Other NFS Options
As an alternative to Azure Files NFS or Azure NetApp Files, you can configure an NFS server that is external to the Cloudera Machine Learning cluster. This is not the recommended approach.
Make sure to check the following points:
- Cloudera Machine Learning requires an NFS service that is backed by a fully POSIX compliant file system. NFS service implemented over S3-like blob storage, such as NFS v3 over ADLS, is not supported.
- Currently, Cloudera Machine Learning supports NFS versions 4.1 and 3. The NFS client within Cloudera Machine Learning must be able to
mount the NFS storage with default options, and also assumes these export options:
rw,sync,no_root_squash,no_all_squash,no_subtree_check
To prevent data loss on disk failure, it is recommended that the NFS export directory resides on a RAID disk. Before attempting to provision your Cloudera Machine Learning Workspace, create a Linux VM in the subnet you will use for Cloudera Machine Learning. - Before creating a Cloudera Machine Learning Workspace, the storage administrator must create a directory that will be exported to the cluster for storing Cloudera Machine Learning project files for that workspace. Either a dedicated NFS export path, or a subdirectory in an existing export must be specified for each workspace. If the directory was previously used for another workspace, there may be extraneous files remaining there. Make sure that all such remaining files are deleted.

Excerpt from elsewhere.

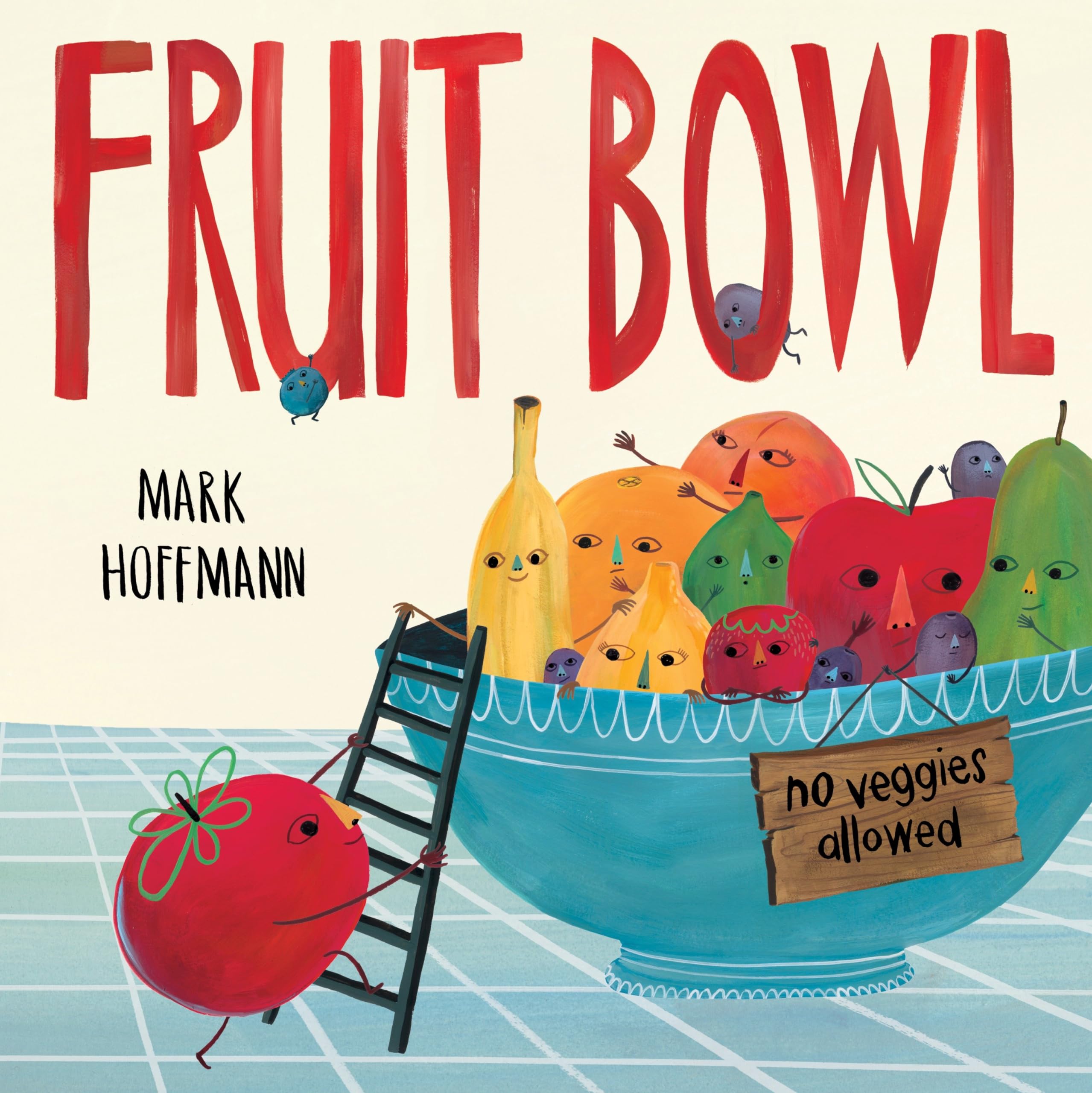Fruit Bowl,Used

- Each Cloudera Machine Learning Workspace needs a unique directory that does not have files in it from a different or previous workspace. For example, if 10 Cloudera Machine Learning Workspace are expected, the storage administrator will need to create 10 unique directories. Either one NFS export and 10 subdirectories within it need to be created, or 10 unique exports need to be created.
Create a workspace in a dedicated NFS share
For example, to use a dedicated NFS share for a workspace named “workspace1” from NFS server “nfs_server”, do the following:
-
Create NFS export directory “/workspace1”.
-
Change ownership for the exported directory
-
Cloudera Machine Learning accesses this directory as a user with a UID and GID of 8536. So run chown 8536:8536 /workspace1
- Make the export directory group-writeable and set GID: chmod g+srwx /workspace1
-
-
Provide the NFS export path nfs_server:/workspace1 when prompted by the Cloudera Machine Learning Control Plane App while creating the workspace.
-
To use a subdirectory in an existing NFS share, say nfs_server:/export, do the following:
-
Create a subdirectory /export/workspace1
-
Change ownership: chown 8536:8536 /export/workspace1
-
Set GID and make directory group writeable: chmod g+srwx /export/workspace1
-
Provide the export path nfs_server:/export/workspace1 when prompted by the Cloudera Machine Learning Control Plane App.
-